WRITING - The show seems to have been thoughtfully scripted (mind you we're only through the first twelve episodes of season one so i remain blissfully unaware of any subsequent decline in quality that may be lurking in future discs). The show thus far has done an excellent job of establishing the main thread ('hey we're all stuck here on this remote island!') while sprouting up numerous points of interest and intrigue along the way (gradual character backstory reveals and intercharacter conflicts, suggestions of deeper meanings behind statements and actions, etc.). Each episode has its own unique feel and theme, mostly due to the general association of a particular character and his/her story to each one (though this may wear off in future seasons after the character bio tanks have been run dry).

Seems the mystery of the island is tied up in the characters' history but, while a few of them seem to have packed 85% of their emotional backage suitcases with guilt issues, there's no complete uniformity to the motivations; i guess time will tell how the survivors are connected. i'm sure there are countless fansites and discussion boards out there that could clear a few things up, but i'm one of those who would rather wait it out and see (i could barely stand to go to the IMDB page for links as they list the beginning /ending years of actors' involvement with the series; thanks for telling me when each character gets killed IMDB!)

ACTING - Contains a well-acted ensemble cast (good ensemble casts, like Newsradio before Phil Hartman's exit / Jon Lovitz's entrance, to me are one of the key pieces of quality entertainment) with grounded, realistic character profiles.

Locke (played by Terry O'Quinn) gets top honors from me for now but in truth there isn't a single character that isn't fascinating to watch. The personalities are widely varied and (credit again to the writing) they all seem to remain true to their nature over time (as opposed to changing when needed to suit the convenience/laziness of the writers.... jerkass Homer, anyone?)

Grace's favorite character is Sayid (played by Naveen Andrews.... hey, he was in that laugh-riot Rollerball! side note on this movie, my good friend Kevin and I listened to the commentary track and this pretty much sums up LL Cool J's contribution to the session: "aw yeah, that's my boy Chris Klein there!") i like him too (Sayid, not LL Cool J) but as i said earlier everyone does a bang-up job with their roles.

CINEMATOGRAPHY AND MUSIC - you couldn't ask for a more vibrant backdrop than a lush tropical island; i'm not sure if the colors were this vivid when the shows first ran on the network but on DVD they look fantastic. deep rich shades of green, blue, brown.... i'm not a cinematography buff or anything but it looks top-notch to me.

The music is appropriately minimal and creepy to suit the disorientation of both the characters and the viewer; it gets out of the way when it's unneeded but returns to underscore dramatic scenes in just the right amount.
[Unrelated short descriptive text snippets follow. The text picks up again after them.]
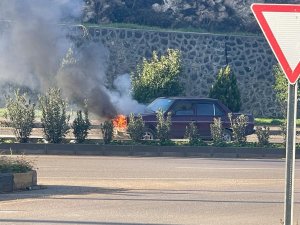 Otomobil Alev Topuna Dönmeden Söndürüldü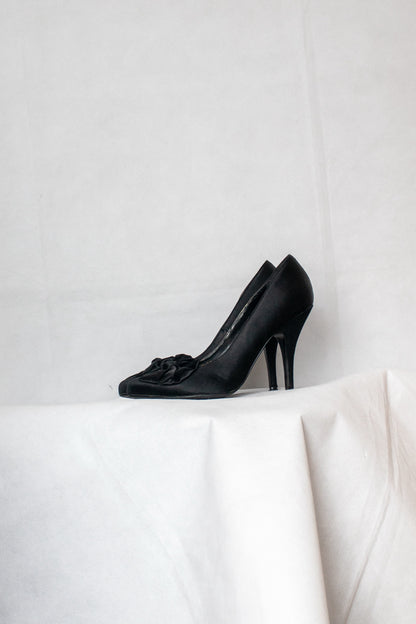 Black bow heels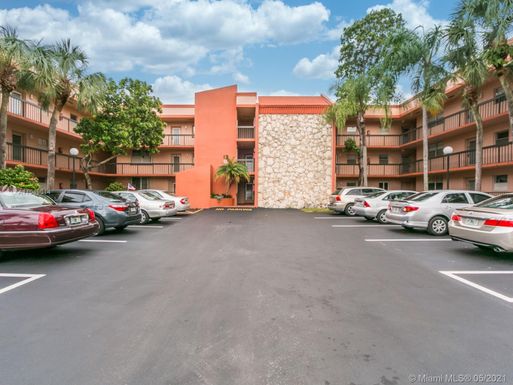 3100 Holiday Springs Blvd # 307, Margate FL 33063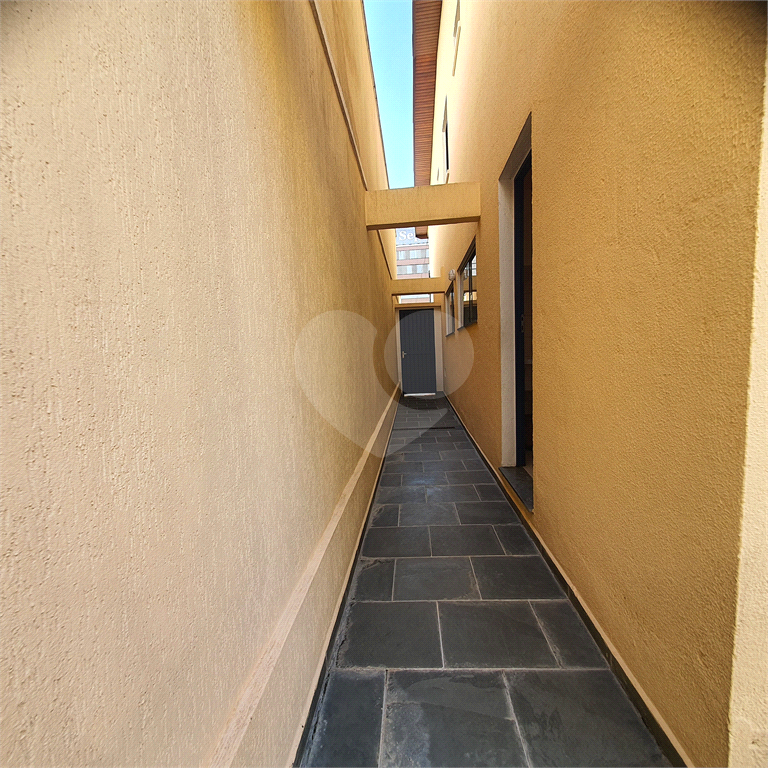 Casa 169m² construídos 3 suítes, 2 vagas com amplo quintal Chácara Klabin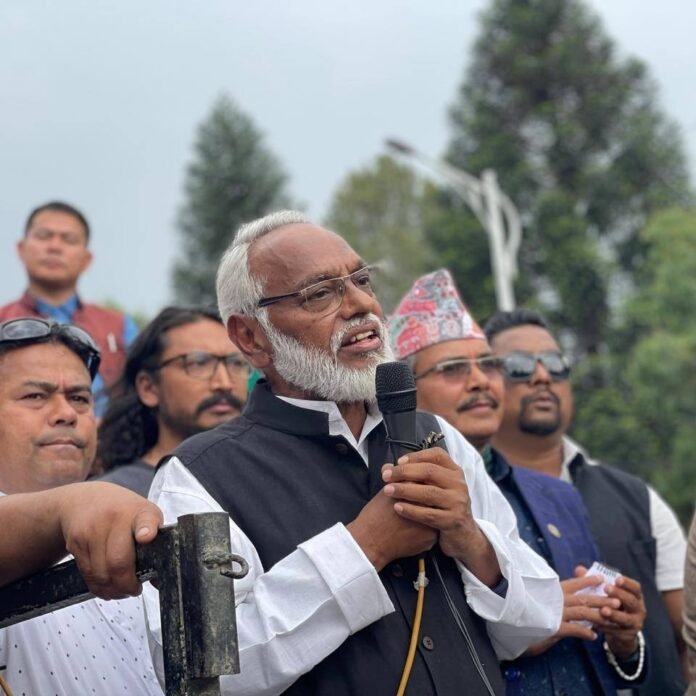 Ban on social media must be lifted immediately: Nepal's former Dy PM Rajendra Mahato amid Gen Z protests (IANS Interview)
Again, I'm no music expert so I haven't bothered to look up who does the music or what his influences were but he/she gets a thumbs-up from me for not overdoing it.

A great example of the combined audio/video prowess is a scene where Jack stumbles by torchlight through the dark jungle, pursuing visions of his recently deceased father. The camerawork and music create this great mix of fear, delirium, and desperation; it's the closest I've seen to a live-action rendition of the pyschological-horror mastery of Silent Hill.

TITLE SEQUENCE - ok normally i don't pause to reflect on the title sequences of TV shows or movies but i think Lost's deserves a mention here because it captures the spirit of the whole show. Stark white letters "LOST" on a pitch-black background spiraling dreamlike from the distant background to the foreground and disappearing behind the camera's eye, accompanied by a plaintive bit of sound/music that gives the whole thing an out-of-time, surreal feeling. what better way to set the mood for a show about a a mysterious island and the group of strangers stranded there by a catastrophic event, unknown if by accident or fate.

(or maybe i like it because it reminds me of that old lead-in for the special presentations they used to run on CBS when i was kid) there you have it, i perform a public education service by painting a glowing review of a hit show that's been in existence for nearly two years now.